_Work instruction:_
Apart from the pictures, every line below needs to be reproduced verbatim.

_Available data:_

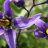 SeekingNightshade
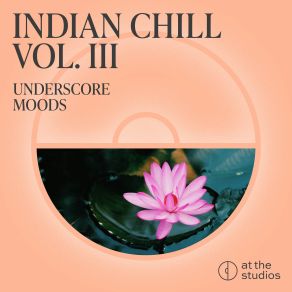 Indian Chill Vol. III album cover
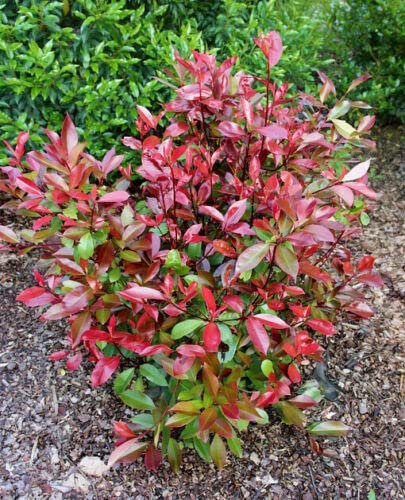 Photinia x fraseri Red Robin Compacta pianta da siepe fotinia compatta in vaso 8x8 cm Vivaio di Castelletto
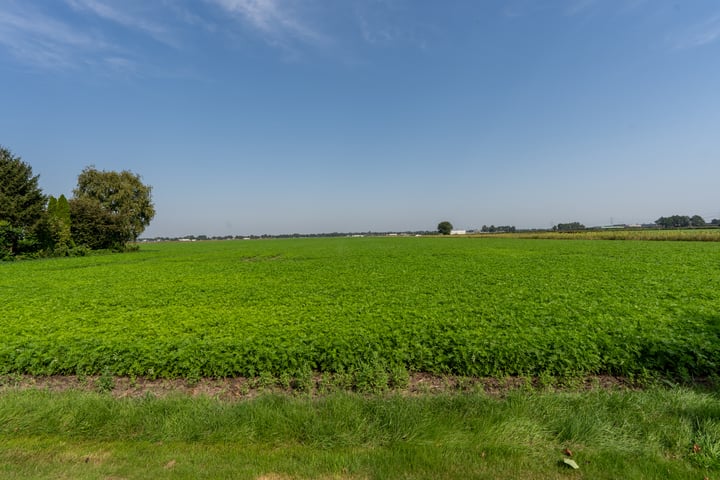 Bekijk foto 40 van Ommelanderwijk 287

_Answer to this task:_
 SeekingNightshade
 Indian Chill Vol. III album cover
 Photinia x fraseri Red Robin Compacta pianta da siepe fotinia compatta in vaso 8x8 cm Vivaio di Castelletto
 Bekijk foto 40 van Ommelanderwijk 287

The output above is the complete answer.